Exemplification is also the key purpose of idealized scientific models. The ideal gas model, on Elgin's account, exemplifies some features of real gases (e.g. basic gas laws) while neglecting other features (e.g. the real shape of the molecules). The model exemplifies by virtue of being an unrealistic representation of gases -- by being a "felicitous falsehood" it provides understanding of real gas behavior. Such understanding, as we have seen above, consists in "having a suitable grasp", and "involves an adeptness in using the information one has". By characterizing understanding in these terms, as know-how or skill to use information, Elgin seems to adopt a pragmatist view. In fact, the idea of "true enough" by itself already appears to entail a pragmatist position, since "true enough" makes sense only with a particular purpose in mind. It is therefore somewhat surprising that Elgin doesn't address pragmatism.

There are various other places where I would have wished to see more discussion of how Elgin positions herself in relation to the views of other philosophers. For example, when she defines the notion of true enough as "close enough to the truth" (16), one is reminded of Popper's idea of verisimilitude (truthlikeness). But we have to guess whether Elgin would endorse a Popperian analysis of true enough. It is only in the final chapter that she cites Popper, when considering the thesis that we learn from our mistakes, but she doesn't address Popper's views on truth explicitly. Another example is her discussion of the potentially relativistic implications of her position. It might be objected that Elgin's thesis that epistemic communities make their own laws and standards entails relativism. She denies this, arguing that not all epistemic communities are equal and that outsiders can "assess standards, methods and claims, using coarse-grained measures that apply across realms" (112). Her brief discussion of this objection would have merited engagement with the existing literature on relativism.

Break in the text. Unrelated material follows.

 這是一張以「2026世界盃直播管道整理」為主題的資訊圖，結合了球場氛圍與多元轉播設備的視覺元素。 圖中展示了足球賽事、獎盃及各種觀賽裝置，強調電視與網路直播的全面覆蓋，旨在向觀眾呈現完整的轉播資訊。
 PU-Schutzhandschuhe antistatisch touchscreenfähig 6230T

These minor criticisms notwithstanding, this is a wonderful book, written in an elegant and informal style, and replete with stimulating ideas on a wide range of subjects. Elgin keeps alive the legacy of her former teacher and source of inspiration, Nelson Goodman, whose research also combined epistemology, aesthetics, and philosophy of science. Elgin shows that such an approach is more relevant than ever, in philosophy and beyond. With science under attack in today's 'post-truth society', we do not need simple-minded scientism but rather the thoughtful analysis of Elgin, who observes that "the epistemic value of science lies not in the conclusiveness of its results, but in the self-correcting character of its methods and the self-refining nature of its standards." (103)

REFERENCES

De Regt, Henk W., Sabina Leonelli and Kai Eigner (eds), Scientific Understanding: Philosophical Perspectives. University of Pittsburgh Press, 2009.

Grimm, Stephen R., Christoph Baumberger and Sabine Ammon (eds), Explaining Understanding: New Perspectives from Epistemology and Philosophy of Science. Routledge, 2017.

Longino, Helen E., Science as Social Knowledge. Princeton University Press, 1990.